Task statement: Without skipping anything, transcribe the listing that follows.

Data for this exercise:

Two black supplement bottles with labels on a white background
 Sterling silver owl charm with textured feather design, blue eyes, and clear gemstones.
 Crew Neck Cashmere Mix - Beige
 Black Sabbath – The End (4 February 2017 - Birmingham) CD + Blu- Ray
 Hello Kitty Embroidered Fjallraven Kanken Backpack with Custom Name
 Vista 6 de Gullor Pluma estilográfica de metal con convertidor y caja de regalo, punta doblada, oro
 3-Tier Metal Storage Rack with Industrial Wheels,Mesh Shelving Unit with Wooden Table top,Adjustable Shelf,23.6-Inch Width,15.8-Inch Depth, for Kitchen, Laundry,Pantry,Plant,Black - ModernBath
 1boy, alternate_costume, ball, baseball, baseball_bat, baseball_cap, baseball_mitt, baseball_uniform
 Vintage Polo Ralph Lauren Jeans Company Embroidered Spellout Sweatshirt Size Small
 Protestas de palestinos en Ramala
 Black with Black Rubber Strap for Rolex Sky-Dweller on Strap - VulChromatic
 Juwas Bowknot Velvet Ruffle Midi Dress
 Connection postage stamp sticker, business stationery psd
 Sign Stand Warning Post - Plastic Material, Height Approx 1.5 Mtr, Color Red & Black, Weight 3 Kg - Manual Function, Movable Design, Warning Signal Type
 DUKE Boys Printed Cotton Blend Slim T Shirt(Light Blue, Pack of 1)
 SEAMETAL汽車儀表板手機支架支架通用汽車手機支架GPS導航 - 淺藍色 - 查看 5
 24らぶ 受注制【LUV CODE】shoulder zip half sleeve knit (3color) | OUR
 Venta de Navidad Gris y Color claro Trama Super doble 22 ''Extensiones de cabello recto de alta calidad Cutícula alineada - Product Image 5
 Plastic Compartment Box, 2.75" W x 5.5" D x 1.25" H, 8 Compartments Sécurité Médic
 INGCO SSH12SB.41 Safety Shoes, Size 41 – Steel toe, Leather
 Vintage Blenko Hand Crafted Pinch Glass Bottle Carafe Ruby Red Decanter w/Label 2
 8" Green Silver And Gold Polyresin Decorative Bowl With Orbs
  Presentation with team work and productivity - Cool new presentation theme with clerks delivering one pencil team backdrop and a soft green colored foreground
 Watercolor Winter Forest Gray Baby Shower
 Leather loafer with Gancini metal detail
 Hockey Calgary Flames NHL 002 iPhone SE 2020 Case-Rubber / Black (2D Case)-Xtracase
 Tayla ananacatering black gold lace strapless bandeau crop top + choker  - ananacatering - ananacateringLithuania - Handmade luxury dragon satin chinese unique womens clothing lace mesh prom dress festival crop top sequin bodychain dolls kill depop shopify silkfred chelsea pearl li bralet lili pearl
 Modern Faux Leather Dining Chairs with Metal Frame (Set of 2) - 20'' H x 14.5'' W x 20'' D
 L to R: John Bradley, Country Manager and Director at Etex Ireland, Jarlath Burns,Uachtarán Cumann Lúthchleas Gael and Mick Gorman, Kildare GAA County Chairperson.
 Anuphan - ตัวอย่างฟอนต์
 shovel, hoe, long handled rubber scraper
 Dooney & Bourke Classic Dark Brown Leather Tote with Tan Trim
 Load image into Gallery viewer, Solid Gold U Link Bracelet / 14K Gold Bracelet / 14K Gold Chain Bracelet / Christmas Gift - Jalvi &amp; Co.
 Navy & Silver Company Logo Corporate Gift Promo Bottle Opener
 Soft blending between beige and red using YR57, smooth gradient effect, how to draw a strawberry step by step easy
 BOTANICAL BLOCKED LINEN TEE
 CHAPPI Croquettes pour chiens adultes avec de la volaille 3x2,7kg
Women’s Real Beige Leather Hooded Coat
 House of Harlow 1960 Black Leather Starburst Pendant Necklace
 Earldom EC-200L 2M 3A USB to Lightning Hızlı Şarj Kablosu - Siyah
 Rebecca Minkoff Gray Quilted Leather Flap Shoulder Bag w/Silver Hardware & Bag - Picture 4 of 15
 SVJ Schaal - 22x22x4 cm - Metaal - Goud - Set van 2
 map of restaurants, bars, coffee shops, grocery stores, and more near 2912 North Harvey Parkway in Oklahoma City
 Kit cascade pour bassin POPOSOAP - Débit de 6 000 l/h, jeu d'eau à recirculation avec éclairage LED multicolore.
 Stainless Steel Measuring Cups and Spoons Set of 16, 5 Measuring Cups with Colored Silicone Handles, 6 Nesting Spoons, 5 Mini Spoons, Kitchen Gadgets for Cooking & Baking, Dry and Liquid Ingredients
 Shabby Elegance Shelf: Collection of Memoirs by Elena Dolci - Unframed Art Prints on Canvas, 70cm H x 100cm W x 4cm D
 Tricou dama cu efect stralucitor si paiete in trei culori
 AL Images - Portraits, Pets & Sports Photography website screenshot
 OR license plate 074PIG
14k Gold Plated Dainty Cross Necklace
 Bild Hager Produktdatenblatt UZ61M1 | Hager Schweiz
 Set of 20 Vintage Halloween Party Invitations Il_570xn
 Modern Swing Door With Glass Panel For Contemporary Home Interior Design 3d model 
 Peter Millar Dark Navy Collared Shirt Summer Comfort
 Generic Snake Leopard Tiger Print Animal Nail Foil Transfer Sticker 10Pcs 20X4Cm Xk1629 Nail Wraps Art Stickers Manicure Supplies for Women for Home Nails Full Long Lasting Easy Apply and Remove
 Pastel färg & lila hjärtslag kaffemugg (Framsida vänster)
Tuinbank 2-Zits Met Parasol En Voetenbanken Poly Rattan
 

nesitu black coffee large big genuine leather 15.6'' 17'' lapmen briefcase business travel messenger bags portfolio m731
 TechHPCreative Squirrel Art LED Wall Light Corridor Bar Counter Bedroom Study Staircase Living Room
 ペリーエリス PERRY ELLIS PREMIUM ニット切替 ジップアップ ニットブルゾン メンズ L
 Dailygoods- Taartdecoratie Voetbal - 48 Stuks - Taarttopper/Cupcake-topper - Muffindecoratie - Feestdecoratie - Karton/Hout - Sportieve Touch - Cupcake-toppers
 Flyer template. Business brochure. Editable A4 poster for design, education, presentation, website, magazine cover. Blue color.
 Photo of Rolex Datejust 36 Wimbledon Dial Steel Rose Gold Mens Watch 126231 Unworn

Response box:
Two black supplement bottles with labels on a white background
 Sterling silver owl charm with textured feather design, blue eyes, and clear gemstones.
 Crew Neck Cashmere Mix - Beige
 Black Sabbath – The End (4 February 2017 - Birmingham) CD + Blu- Ray
 Hello Kitty Embroidered Fjallraven Kanken Backpack with Custom Name
 Vista 6 de Gullor Pluma estilográfica de metal con convertidor y caja de regalo, punta doblada, oro
 3-Tier Metal Storage Rack with Industrial Wheels,Mesh Shelving Unit with Wooden Table top,Adjustable Shelf,23.6-Inch Width,15.8-Inch Depth, for Kitchen, Laundry,Pantry,Plant,Black - ModernBath
 1boy, alternate_costume, ball, baseball, baseball_bat, baseball_cap, baseball_mitt, baseball_uniform
 Vintage Polo Ralph Lauren Jeans Company Embroidered Spellout Sweatshirt Size Small
 Protestas de palestinos en Ramala
 Black with Black Rubber Strap for Rolex Sky-Dweller on Strap - VulChromatic
 Juwas Bowknot Velvet Ruffle Midi Dress
 Connection postage stamp sticker, business stationery psd
 Sign Stand Warning Post - Plastic Material, Height Approx 1.5 Mtr, Color Red & Black, Weight 3 Kg - Manual Function, Movable Design, Warning Signal Type
 DUKE Boys Printed Cotton Blend Slim T Shirt(Light Blue, Pack of 1)
 SEAMETAL汽車儀表板手機支架支架通用汽車手機支架GPS導航 - 淺藍色 - 查看 5
 24らぶ 受注制【LUV CODE】shoulder zip half sleeve knit (3color) | OUR
 Venta de Navidad Gris y Color claro Trama Super doble 22 ''Extensiones de cabello recto de alta calidad Cutícula alineada - Product Image 5
 Plastic Compartment Box, 2.75" W x 5.5" D x 1.25" H, 8 Compartments Sécurité Médic
 INGCO SSH12SB.41 Safety Shoes, Size 41 – Steel toe, Leather
 Vintage Blenko Hand Crafted Pinch Glass Bottle Carafe Ruby Red Decanter w/Label 2
 8" Green Silver And Gold Polyresin Decorative Bowl With Orbs
  Presentation with team work and productivity - Cool new presentation theme with clerks delivering one pencil team backdrop and a soft green colored foreground
 Watercolor Winter Forest Gray Baby Shower
 Leather loafer with Gancini metal detail
 Hockey Calgary Flames NHL 002 iPhone SE 2020 Case-Rubber / Black (2D Case)-Xtracase
 Tayla ananacatering black gold lace strapless bandeau crop top + choker  - ananacatering - ananacateringLithuania - Handmade luxury dragon satin chinese unique womens clothing lace mesh prom dress festival crop top sequin bodychain dolls kill depop shopify silkfred chelsea pearl li bralet lili pearl
 Modern Faux Leather Dining Chairs with Metal Frame (Set of 2) - 20'' H x 14.5'' W x 20'' D
 L to R: John Bradley, Country Manager and Director at Etex Ireland, Jarlath Burns,Uachtarán Cumann Lúthchleas Gael and Mick Gorman, Kildare GAA County Chairperson.
 Anuphan - ตัวอย่างฟอนต์
 shovel, hoe, long handled rubber scraper
 Dooney & Bourke Classic Dark Brown Leather Tote with Tan Trim
 Load image into Gallery viewer, Solid Gold U Link Bracelet / 14K Gold Bracelet / 14K Gold Chain Bracelet / Christmas Gift - Jalvi &amp; Co.
 Navy & Silver Company Logo Corporate Gift Promo Bottle Opener
 Soft blending between beige and red using YR57, smooth gradient effect, how to draw a strawberry step by step easy
 BOTANICAL BLOCKED LINEN TEE
 CHAPPI Croquettes pour chiens adultes avec de la volaille 3x2,7kg
Women’s Real Beige Leather Hooded Coat
 House of Harlow 1960 Black Leather Starburst Pendant Necklace
 Earldom EC-200L 2M 3A USB to Lightning Hızlı Şarj Kablosu - Siyah
 Rebecca Minkoff Gray Quilted Leather Flap Shoulder Bag w/Silver Hardware & Bag - Picture 4 of 15
 SVJ Schaal - 22x22x4 cm - Metaal - Goud - Set van 2
 map of restaurants, bars, coffee shops, grocery stores, and more near 2912 North Harvey Parkway in Oklahoma City
 Kit cascade pour bassin POPOSOAP - Débit de 6 000 l/h, jeu d'eau à recirculation avec éclairage LED multicolore.
 Stainless Steel Measuring Cups and Spoons Set of 16, 5 Measuring Cups with Colored Silicone Handles, 6 Nesting Spoons, 5 Mini Spoons, Kitchen Gadgets for Cooking & Baking, Dry and Liquid Ingredients
 Shabby Elegance Shelf: Collection of Memoirs by Elena Dolci - Unframed Art Prints on Canvas, 70cm H x 100cm W x 4cm D
 Tricou dama cu efect stralucitor si paiete in trei culori
 AL Images - Portraits, Pets & Sports Photography website screenshot
 OR license plate 074PIG
14k Gold Plated Dainty Cross Necklace
 Bild Hager Produktdatenblatt UZ61M1 | Hager Schweiz
 Set of 20 Vintage Halloween Party Invitations Il_570xn
 Modern Swing Door With Glass Panel For Contemporary Home Interior Design 3d model 
 Peter Millar Dark Navy Collared Shirt Summer Comfort
 Generic Snake Leopard Tiger Print Animal Nail Foil Transfer Sticker 10Pcs 20X4Cm Xk1629 Nail Wraps Art Stickers Manicure Supplies for Women for Home Nails Full Long Lasting Easy Apply and Remove
 Pastel färg & lila hjärtslag kaffemugg (Framsida vänster)
Tuinbank 2-Zits Met Parasol En Voetenbanken Poly Rattan
 

nesitu black coffee large big genuine leather 15.6'' 17'' lapmen briefcase business travel messenger bags portfolio m731
 TechHPCreative Squirrel Art LED Wall Light Corridor Bar Counter Bedroom Study Staircase Living Room
 ペリーエリス PERRY ELLIS PREMIUM ニット切替 ジップアップ ニットブルゾン メンズ L
 Dailygoods- Taartdecoratie Voetbal - 48 Stuks - Taarttopper/Cupcake-topper - Muffindecoratie - Feestdecoratie - Karton/Hout - Sportieve Touch - Cupcake-toppers
 Flyer template. Business brochure. Editable A4 poster for design, education, presentation, website, magazine cover. Blue color.
 Photo of Rolex Datejust 36 Wimbledon Dial Steel Rose Gold Mens Watch 126231 Unworn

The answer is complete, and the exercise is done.